Where 'absent' can mean either nan or np.masked, whichever is easiest to implement this with.

For instance:

>>> from numpy import nan
>>> do_it([1, nan, nan, 2, nan, 3, nan, nan, 4, 3, nan, 2, nan])
array([1, 1, 1, 2, 2, 3, 3, 3, 4, 3, 3, 2, 2])
# each nan is replaced with the first non-nan value before it
>>> do_it([nan, nan, 2, nan])
array([nan, nan, 2, 2])
# don't care too much about the outcome here, but this seems sensible

I can see how you'd do this with a for loop:

def do_it(a):
    res = []
    last_val = nan
    for item in a:
        if not np.isnan(item):
            last_val = item
        res.append(last_val)
    return np.asarray(res)

Is there a faster way to vectorize it?

Upvotes: 1

Views: 221

Answers (3)

Eric
Eric

Reputation: 97601

Working from @Benjamin's deleted solution, everything is great if you work with indices

def do_it(data, valid=None, axis=0):
    # normalize the inputs to match the question examples
    data = np.asarray(data)
    if valid is None:
        valid = ~np.isnan(data)

    # flat array of the data values
    data_flat = data.ravel()

    # array of indices such that data_flat[indices] == data
    indices = np.arange(data.size).reshape(data.shape)

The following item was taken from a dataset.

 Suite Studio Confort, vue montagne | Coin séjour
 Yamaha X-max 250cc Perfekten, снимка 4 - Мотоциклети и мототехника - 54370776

    # thanks to benjamin here
    stretched_indices = np.maximum.accumulate(valid*indices, axis=axis)
    return data_flat[stretched_indices]

Comparing solution runtime:

>>> import numpy as np
>>> data = np.random.rand(10000)

>>> %timeit do_it_question(data)
10000 loops, best of 3: 17.3 ms per loop
>>> %timeit do_it_mine(data)
10000 loops, best of 3: 179 µs per loop
>>> %timeit do_it_user(data)
10000 loops, best of 3: 182 µs per loop

# with lots of nans
>>> data[data > 0.25] = np.nan

>>> %timeit do_it_question(data)
10000 loops, best of 3: 18.9 ms per loop
>>> %timeit do_it_mine(data)
10000 loops, best of 3: 177 µs per loop
>>> %timeit do_it_user(data)
10000 loops, best of 3: 231 µs per loop

So both this and @user2357112's solution blow the solution in the question out of the water, but this has the slight edge over @user2357112 when there are high numbers of nans

Upvotes: 1

user2357112
user2357112

Reputation: 280973

cumsumming over an array of flags provides a good way to determine which numbers to write over the NaNs:

def do_it(x):
    x = np.asarray(x)

    is_valid = ~np.isnan(x)
    is_valid[0] = True

    valid_elems = x[is_valid]
    replacement_indices = is_valid.cumsum() - 1
    return valid_elems[replacement_indices]

Upvotes: 1

Benjamin
Benjamin

Reputation: 11860

Assuming there are no zeros in your data (in order to use numpy.nan_to_num):

b = numpy.maximum.accumulate(numpy.nan_to_num(a))
>>> array([ 1.,  1.,  1.,  2.,  2.,  3.,  3.,  3.,  4.,  4.])
mask = numpy.isnan(a)
a[mask] = b[mask]
>>> array([ 1.,  1.,  1.,  2.,  2.,  3.,  3.,  3.,  4.,  3.])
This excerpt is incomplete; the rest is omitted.